This Blog Is About


This blog is about---You! Each and every post is about you. Use it to challenge your usual patterns, as a tool for self-discovery, to stimulate your thinking, to learn about yourself and to answer your questions about others.

Wednesday, May 19, 2010

Change is Possible

 A few days ago, there was a positive news story:  Hazel Soares, at the age of 94 fulfilled a life-long dream she had.  Ms Soares graduated from high school in the midst of the Great Depression---she dearly wanted to go to college---but, at that time, it was an impossibility for her.  But!  She never abandoned her dream.  At the age of 85, she earned her AA degree.  And on May 5 of this year, she threw her cap in the air as she became the oldest person to ever graduate from Mills College.
"With her diploma in hand, Soares said she plans to volunteer at a museum...I wouldn't want to sit home and do nothing, she said."

It isn't easy, as an adult, to strike out and do something different.  But it is, in my view, worse to deprive yourself of the experiences you long for in life just because it's uncomfortable to do something new.  As adults, we become accustomed to feeling in control, to having a sense of mastery over the activities we engage in.  But there is another kind of personal power in having the courage to be awkward, to do something new where you are in the role of learner.
You might ask yourself:  Is it worth staying with the comfortable and familiar to forgo my own vision for myself?
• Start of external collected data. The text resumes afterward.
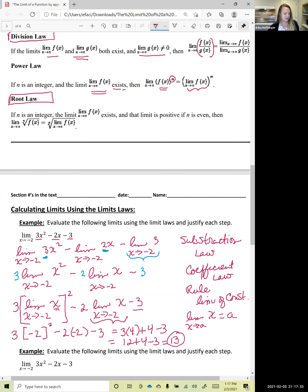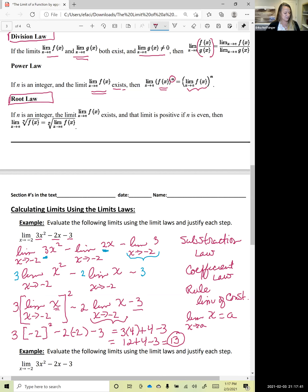That's the example of why we can apply these limit laws step by step. The rules we went through above were applied at each step to get our result. I'll stop the recording and start on a new example.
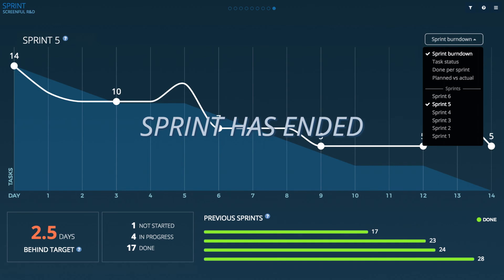While the burndown chart gives you an overview of how your sprint is progressing you will likely want to dig deeper than that. What is the status for each individual? The task status report will show you that.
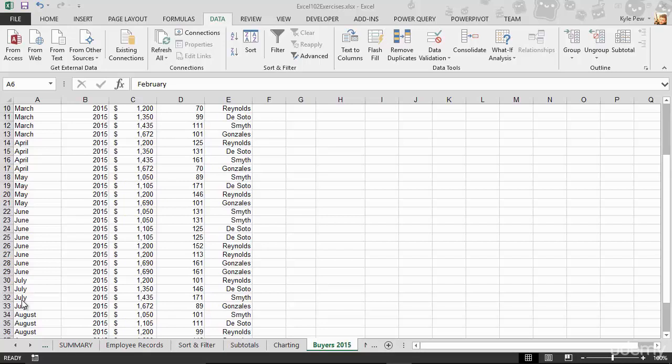I only want to see the July records and that's it, nothing else. I don't need January, February, March, April, May, June or August or September and so on. I just need July records.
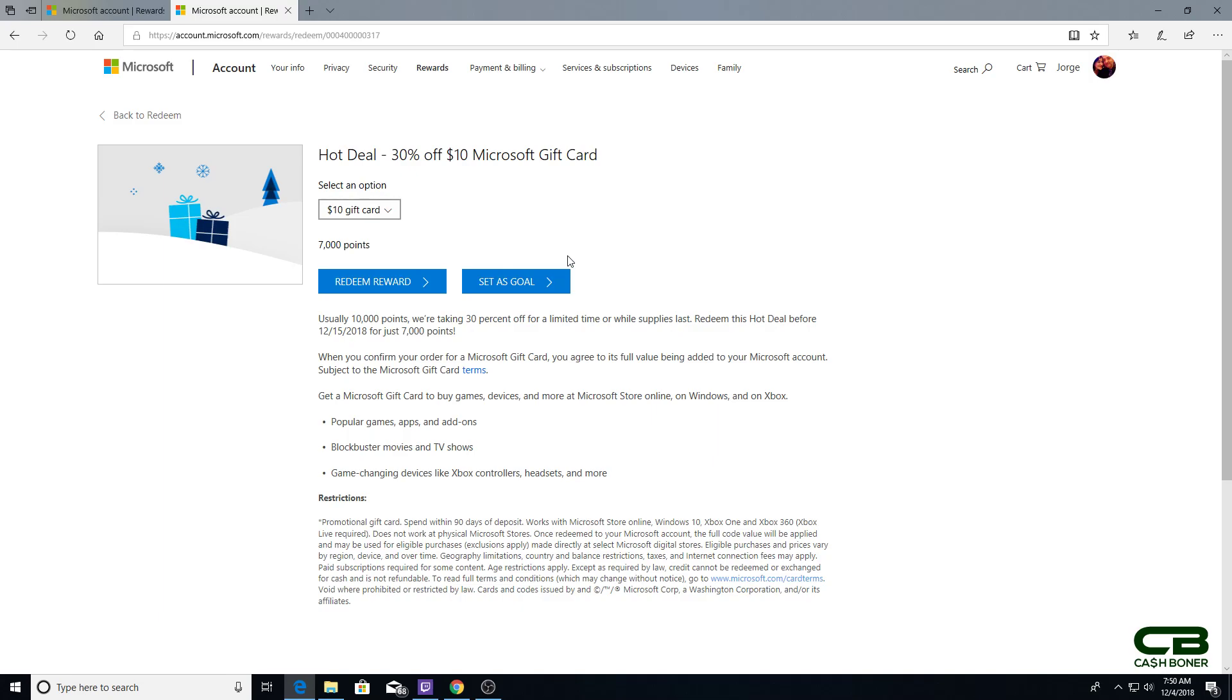Then you will go on to the Microsoft Store or the Xbox Store through your Xbox console. You will look for EA access and redeem it. You will be able to use your gift card balance to pay for the entirety of the subscription, meaning you can redeem this three times for 21,000 points, and boom, you can get your one year of EA access for 30% off.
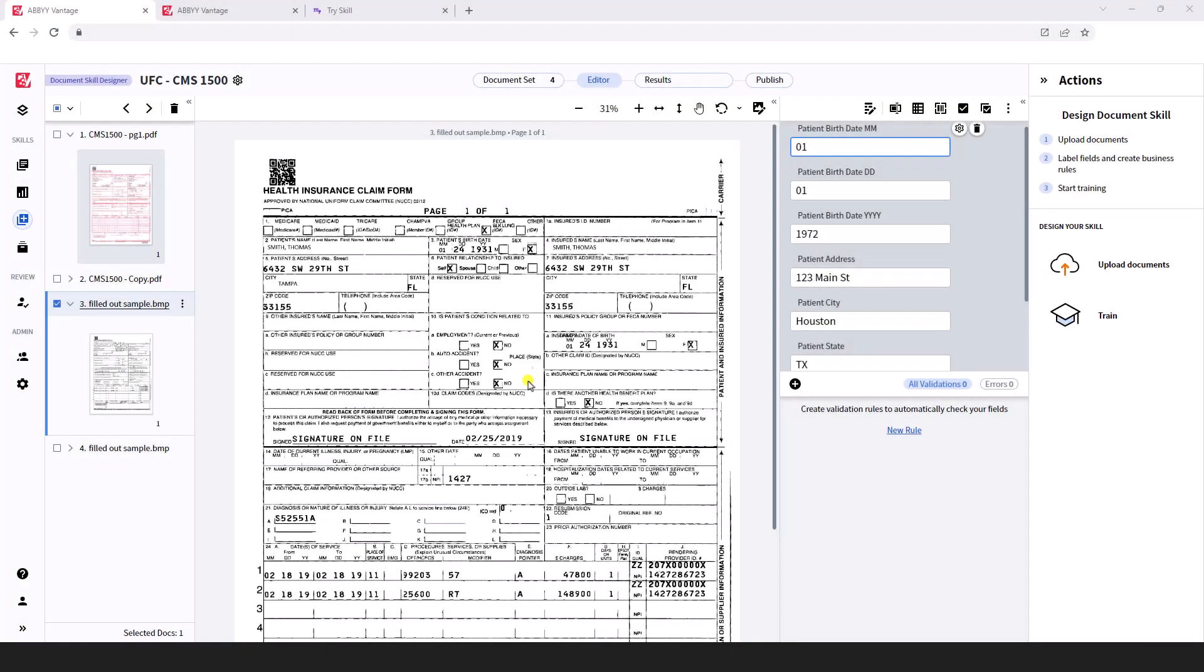Hello, today I'd like to show you our conversion to EDI, specifically format 837.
There could be, of course, many versions of the dream a particular individual might have for themselves but earning of a college degree struck me as such a good example as I have seen many people in my practice who didn't finish their degree or who never made the attempt at all---their feeling was all the same---one of missing something.
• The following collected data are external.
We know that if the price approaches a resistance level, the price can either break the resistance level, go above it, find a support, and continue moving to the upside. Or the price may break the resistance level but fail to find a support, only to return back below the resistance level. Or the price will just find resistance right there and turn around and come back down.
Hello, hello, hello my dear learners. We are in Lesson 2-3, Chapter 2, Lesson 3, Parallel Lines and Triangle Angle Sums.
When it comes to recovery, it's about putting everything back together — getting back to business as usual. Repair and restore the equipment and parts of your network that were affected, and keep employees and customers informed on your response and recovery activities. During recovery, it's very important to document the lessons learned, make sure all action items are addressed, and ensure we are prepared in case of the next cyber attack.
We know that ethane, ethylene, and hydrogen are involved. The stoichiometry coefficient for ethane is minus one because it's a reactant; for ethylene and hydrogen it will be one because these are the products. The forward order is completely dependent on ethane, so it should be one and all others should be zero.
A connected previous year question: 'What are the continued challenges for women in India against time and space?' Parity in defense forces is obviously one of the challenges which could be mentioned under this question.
In addition, education is therapeutic.  There are so many things learned in the experience of going to college that are beyond just the academic subject matter.  Students learn about deferred goal gratification, self-discipline, how to research an idea,
how to express themselves in writing and I'm sure you can think of many more.  It is a personal growth experience.
So, award yourself the fulfillment of your dream and if college is it, more power to you!

Back to the easy-in-the-short-run route:  We all know that many people get 'stuck in their ways' as they get older.  Doesn't it stand to reason that this may happen in part by the repeated limiting of oneself to only engaging with the parts of life that were learned early on?  Isn't this the end-result of self-limiting behavior?

Whether it's in the therapy office, in school, or some other endeavor---
Make the choice to continue to learn.